I would like to acknowledge the great efforts of our small village of neighbors and friends who kept our home and animals safe while we traveled.

I had expected to write a much different blog today. However, a momentary distraction at the wheel of my dog van this morning, changed my day off into one of loss and aggravation (all my fault, of course).

I had taken to driving the dogs to the high school instead of walking them there for their runs. With the endless number of squirrels on our walking route, my shoulders were starting to complain about the constant tugging in all directions from the 300 plus pounds of golden energy on the leashes.
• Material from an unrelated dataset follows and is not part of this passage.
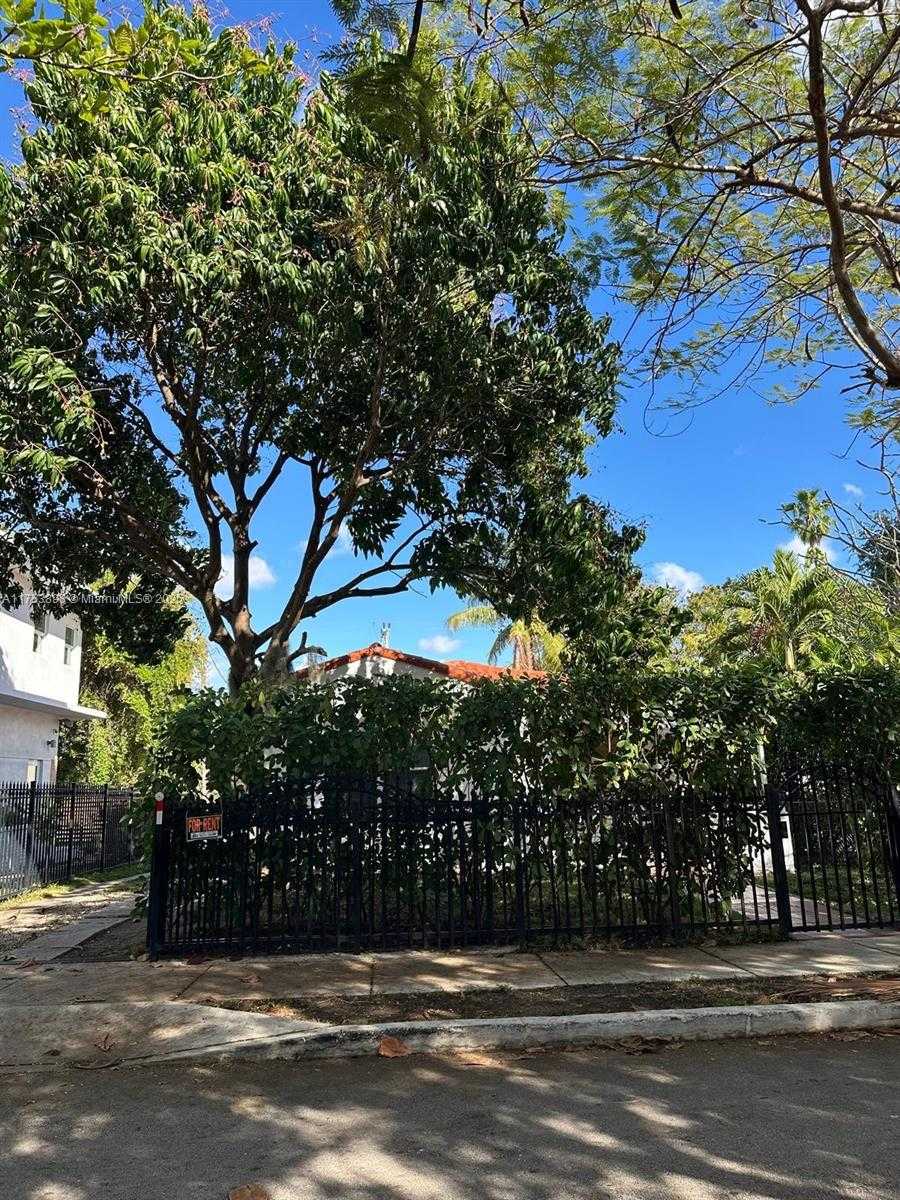 Small Image of 4727 NORTH EAST 1ST CT #3, Miami Number 38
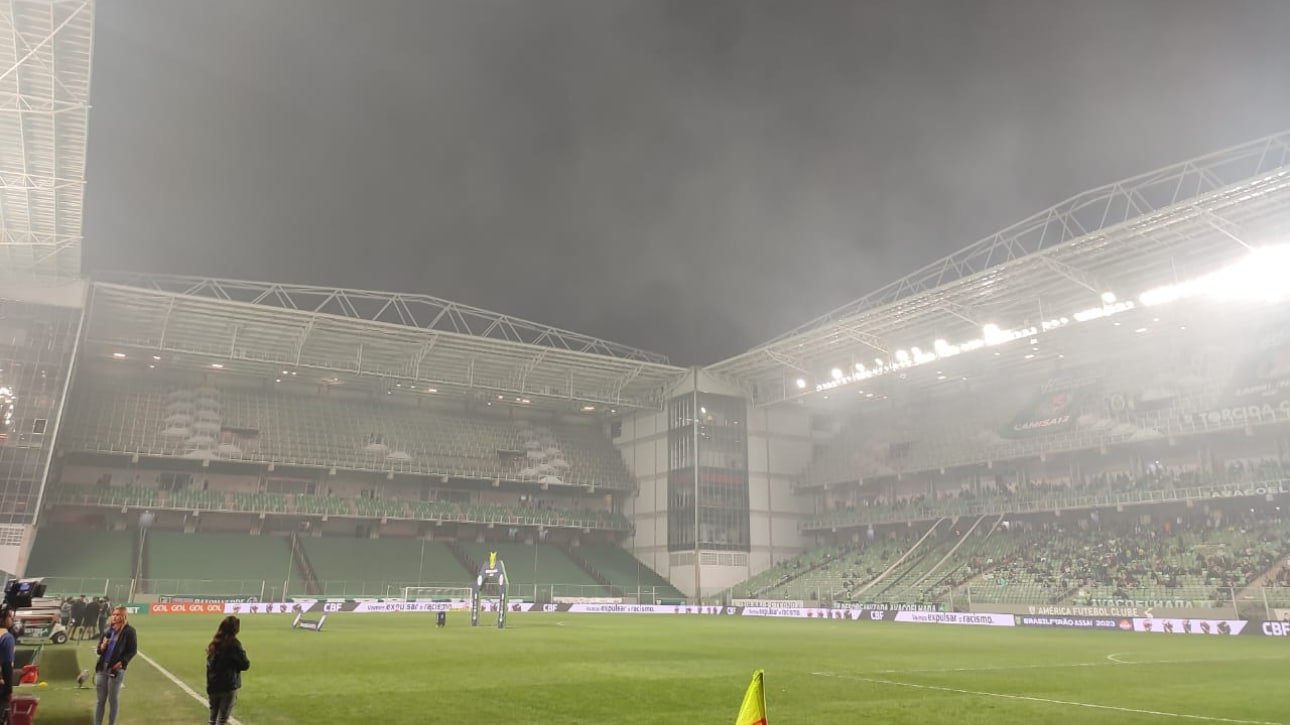 Independência com muita fumaça devido ao incêndio (foto: Alexandre Guzanshe/EM/D.A Press)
This idea was working out great, until a momentary distraction from two dogs in the front seat, caused me to hit a concrete curve at the high school. The two airbags deployed, and there were pieces of the undercarriage laying on the asphalt. Seeing radiator fluid dripping down is never a good sign either.

This van is like an old comfortable pair of shoes to me. It has taken many a trip with our children and animals, and has been reliable to the extreme. Its probable loss has left me feeling saddened. While only an inanimate object, it has been a part of dogville here for over ten years.

The dogs and I were fine as we were traveling slowly in the parking lot. I still can’t believe how much damage that curb caused with nary a mark to its own cement skin. As I wait for the insurance adjuster’s call to probably declare the van totalled, I reflect how life is made of all these sudden moments where you would like to get a do over or a mulligan in golfing parlance. Time travels in but one direction, so the girls and I will go back to our usual walks as long as my shoulders hold out.

PS: No sign of Riley’s heat yet for all those waiting for that news.

PPS: To do a guest blog, we need appropriate photos as well as the story. One without the other is not enough to entertain our readers.